Nos referimos al socialismo (ese fruto luterano de la Comuna de París, la Ilustración y la Toma de la Bastilla), que entiende la "justicia social" como un concepto que intente dar validez moral y propagandística a sus políticas de planificación centralizada, forzando una redistribución que se basa en la igualdad de miseria, con impuestos y regulaciones abusivas, usureras y criminales.

El socialismo humilla al trabajador por cuanto y en tanto impide que pueda disfrutar del fruto de su trabajo y ahorrar, buscando la mejor seguridad para sí mismo. No le deja tampoco desarrollar una adecuada libertad laboral que le permita buscar las mejores condiciones o emprender para ofrecer de manera constructiva, a la sociedad, algo supuestamente bueno para la sociedad.

El socialismo recela de que haya emprendedores que puedan innovar en ámbitos como la salud, el medio ambiente y la tecnología. No quiere que haya gente pujante, con iniciativa. Más bien prefiere premiar la mediocridad, a la vez que se puede insultar a los trabajadores por cuanto y en tanto hay quienes reciben subsidios que desincentivan la búsqueda de oportunidades laborales.

El socialismo quiere que la gente se vea en la más absoluta miseria y, si es posible, totalmente desarraigada y desesperada. No le es tolerable que la gente sea independiente, como resultado de una meritoria progresión profesional, a base de esfuerzo. Tampoco quiere facilitar que la oferta de los bienes moralmente legítimos crezca en el mercado, de modo que se pueda disfrutar de lo mejor.

El socialismo no cree en la íntegra dignidad de la persona, con su fuero interno. Solo le interesa como siervo del Estado, en lo mental, en lo dinerario y en lo físico. Si acaso, le puede interesar como enésimo repositorio de expoliación material o de manipulación de masas en distintos mecanismos, para consolidar una especie de dictadura de la mayoría.

El socialismo no cree en la sociedad orgánica. De ahí que no le resulte producente que haya familias sólidas y fértiles. El florecimiento de la sociedad y la salud social de las células familiares (principal unidad de apoyo y amparo para el individuo) son todo un contrapeso al intervencionismo. Se consolida una especie de núcleo de resistencia frente al poder omnívodo.

El socialismo fomenta contravalores nocivos, más allá de lo que implica el Impuesto de Sucesiones. La fobia descarada y desmedida a los principios de la responsabilidad y el largoplacismo no solo es que resulten en imprudencias financieras, sino que desincentivan la necesidad natural de la procreación y normalizan el desinterés por las personas mayores y otras personas desvalidas y enfermas.

El socialismo cosifica al ser humano, a la vez que relativiza todo, salvo lo que se incorpore en una "verdad oficial" que se imponga de manera malvada, cruel, impía y criminal.
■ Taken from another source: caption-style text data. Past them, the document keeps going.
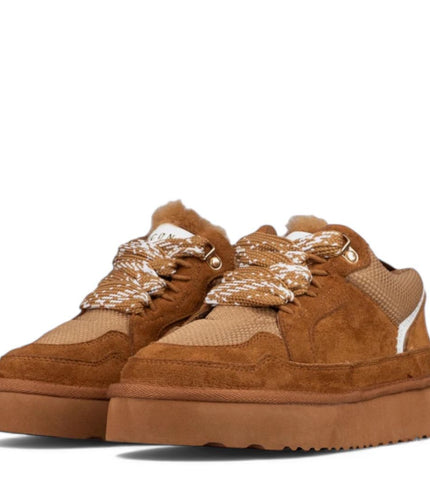 SNEAKERS ICON CON PELLICCIA DONNA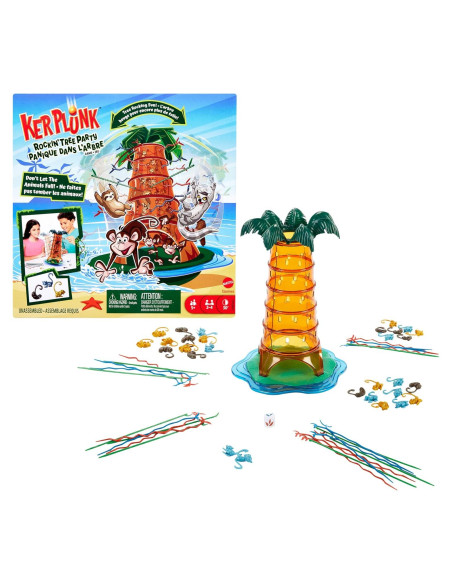 Juego de Fiesta del Árbol Rockin' Mattel Kerplunk Animales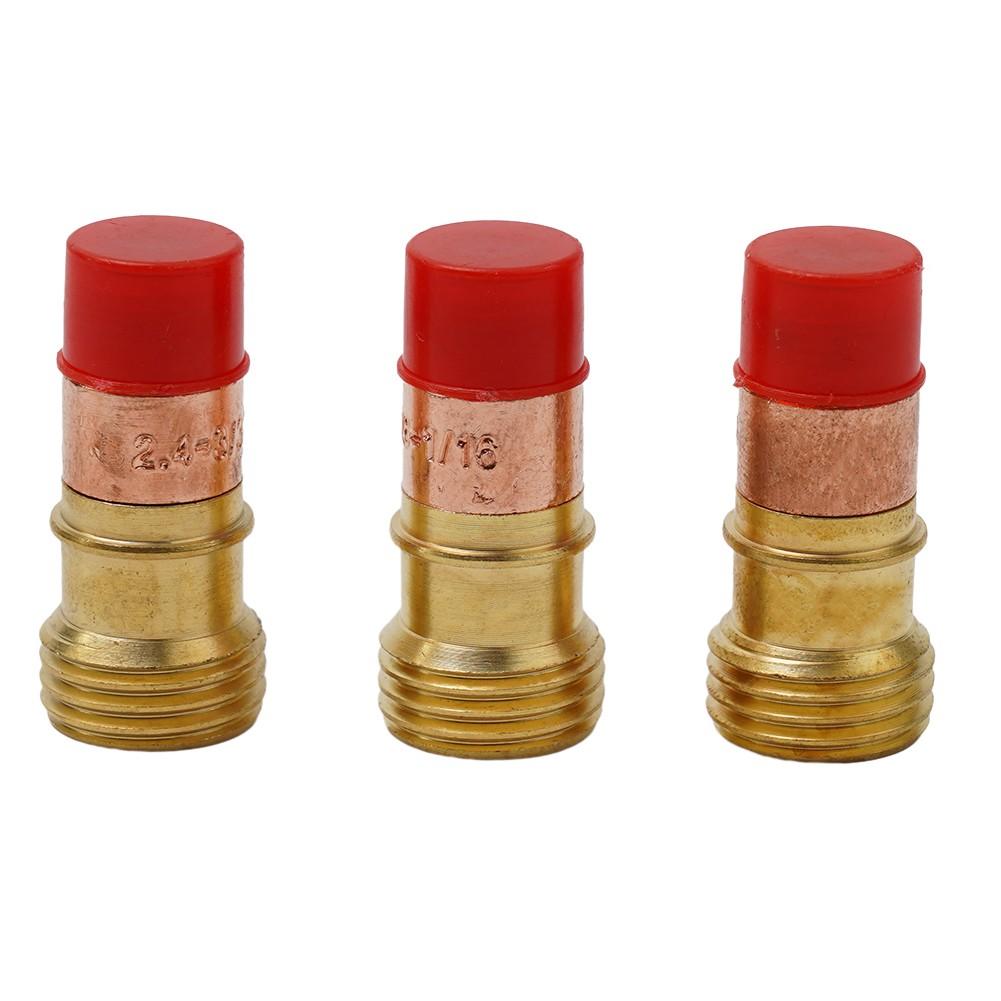 Набор из 31 комплекта сварочных пистолетов TIG с короткими газовыми линзами № 12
Esto último es una evidencia de la rivalidad del socialismo con los fines últimos, entre los que se encuentran la Verdad y el Bien, ligados por la libertad natural, la que se puede interpretar desde un prisma austriaco-tomista.

El socialismo no quiere ni que reces ni que pienses. El socialismo necesita que seas un esclavo mental, pues si piensas por ti mismo, si tienes capacidad de contraste, entonces puedes acabar rechazando todos los frutos de la ingeniería social. Pero es que creer en el más allá es todo un problema pues pretenden sustituir a Dios por el Estado, con sus falsos dogmas (por ejemplo, el wokismo).

El socialismo, en cualquiera de sus grados, allá donde se impone, puede suponer, de manera tanto directa como indirecta, un peligroso factor de mortalidad o de graves secuelas físicas y psicológicas. No todo son hambrunas literales. También pueden ser problemas de depresión o de ansiedad ante su afán coactivo y estrangulador. De hecho, también propicia los problemas sociales y familiares.

Con lo cual, si la justicia social se interpreta como una apuesta por el crimen y el pecado (el socialismo compila los siete pecados capitales), entonces se hará bien en cuestionarla. El estatismo socialista es una expresión anticrística, enemiga de la vida (desde la fecundación hasta la muerte natural), la tradición, la familia y la propiedad (esta última es la base de la libertad y de cierto orden civilizado).